## Task objective
Please give back the lines from the line containing "Tula Face Filter" through the end of the listing below, exactly as written and without pictures.

## Data block

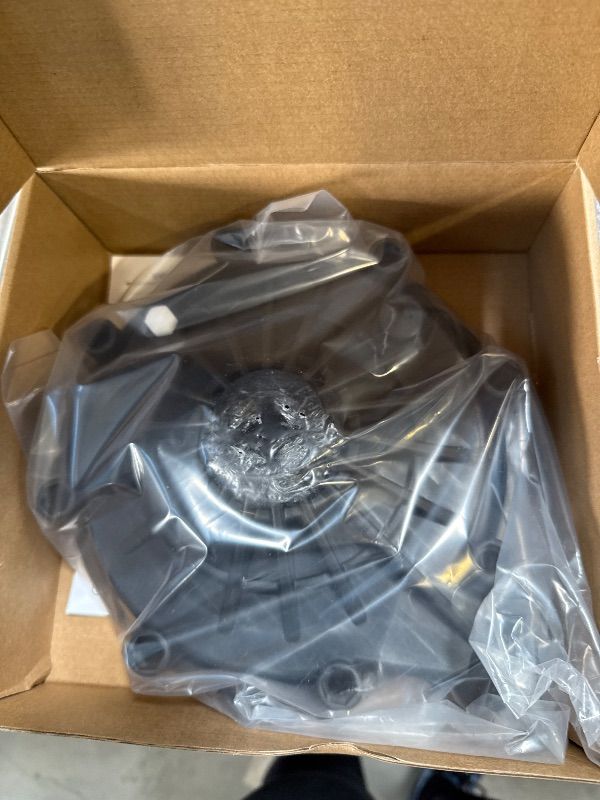 Photo 1 of Replacement for LA39534 3/4-Inch Volute with Drain Plug, For Booster Pool and Spa Pump LA01N & EC-LA01N, 3/4-Inch NPT Inlet & Outlet Ports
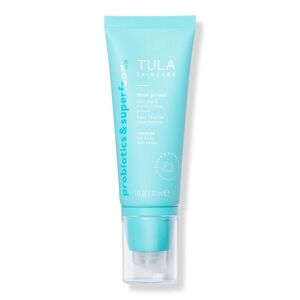 Tula Face Filter Blurring and Moisturizing Primer (Supersize, Shade: Sunrise)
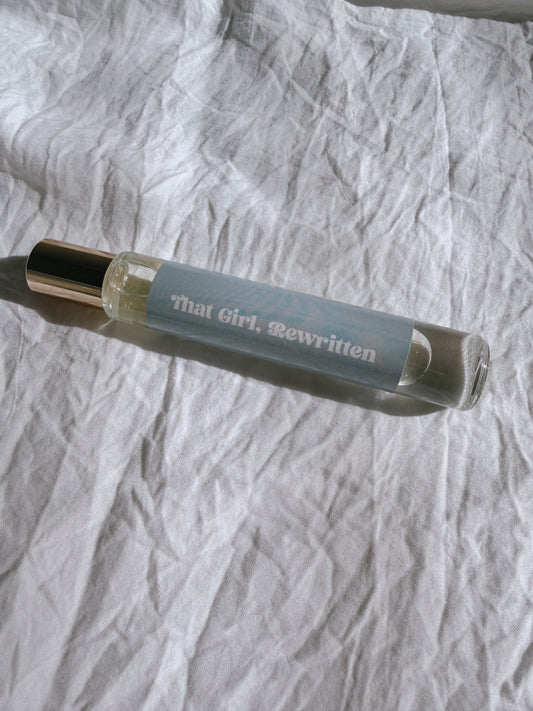 That girl, Rewritten eau de parfum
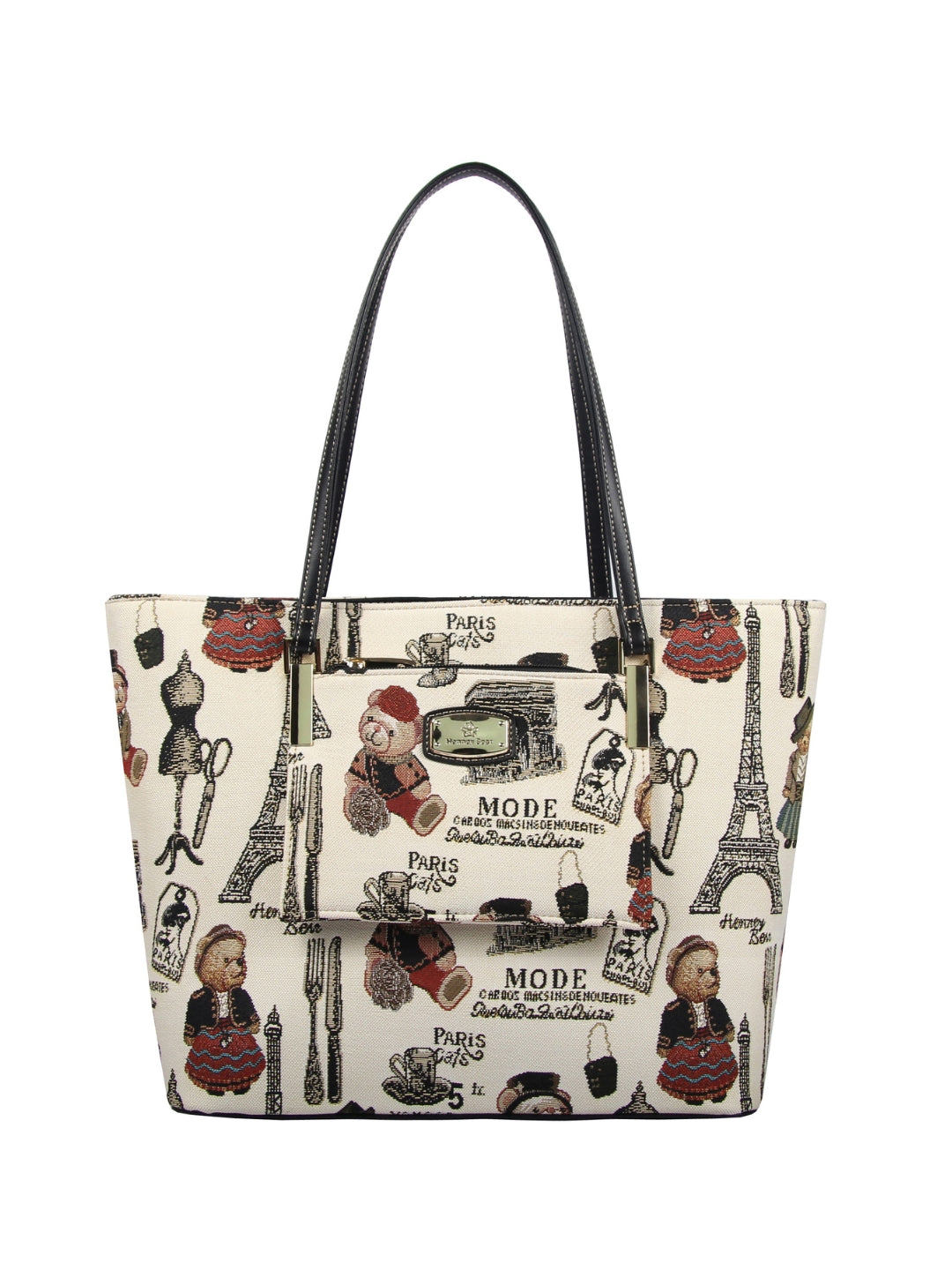 Paris Bear Shoulder Bag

## Task answer
 Tula Face Filter Blurring and Moisturizing Primer (Supersize, Shade: Sunrise)
 That girl, Rewritten eau de parfum
 Paris Bear Shoulder Bag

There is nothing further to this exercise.